** SOURCE RECORDS follows **

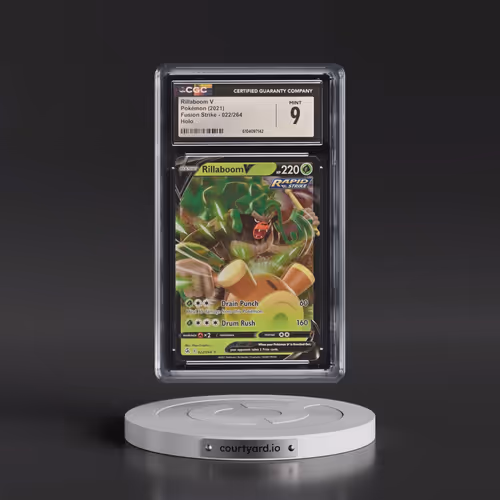 2019 Fusion Strike #022/264 Rillaboom V - Holo (CGC 9 MINT)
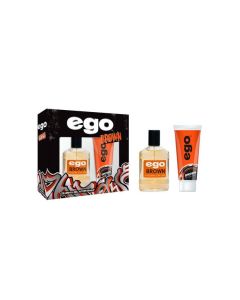 Ego Brown - Estuche Set Colonia 75ml + Gel Aftershave 75ml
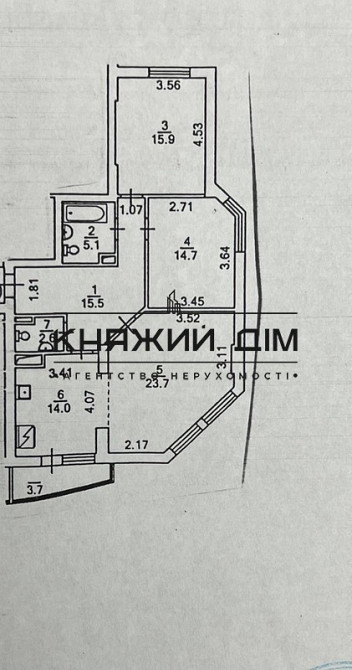Продаж 3-х к.кв. на Позняках, по вул. Михайла Гришка в Дарницькому р-ні. Код об'єкту №: 21145462 Київ - фото 2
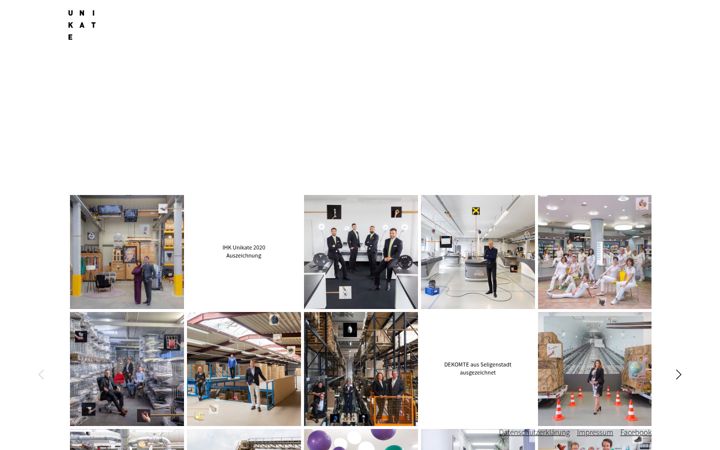 Screenshot stránky ihk-unikate.de
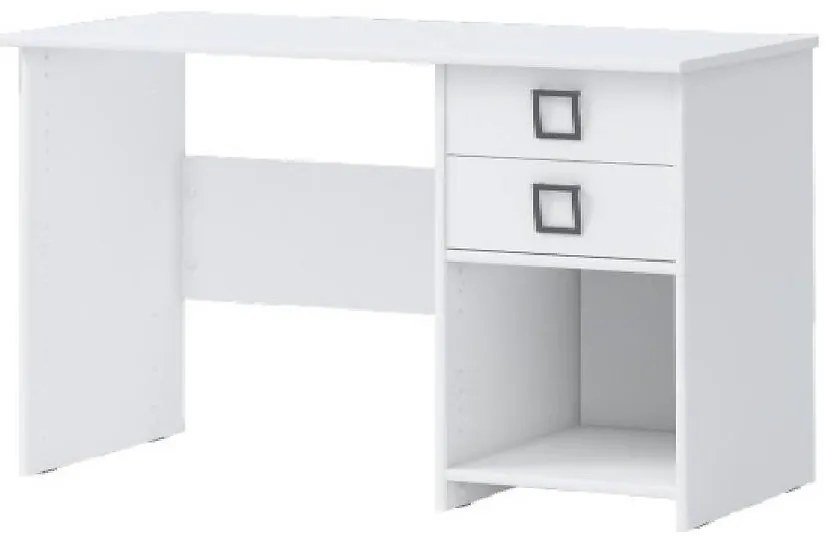 Písací stôl  Kiki KS6-BE/KI-15 biely/biely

** End of SOURCE RECORDS **

→ **BRIEF**: Your answer must be an exact copy of the records, with every picture left out.

→ **ANSWER FOR THE TASK**:
 2019 Fusion Strike #022/264 Rillaboom V - Holo (CGC 9 MINT)
 Ego Brown - Estuche Set Colonia 75ml + Gel Aftershave 75ml
Продаж 3-х к.кв. на Позняках, по вул. Михайла Гришка в Дарницькому р-ні. Код об'єкту №: 21145462 Київ - фото 2
 Screenshot stránky ihk-unikate.de
 Písací stôl  Kiki KS6-BE/KI-15 biely/biely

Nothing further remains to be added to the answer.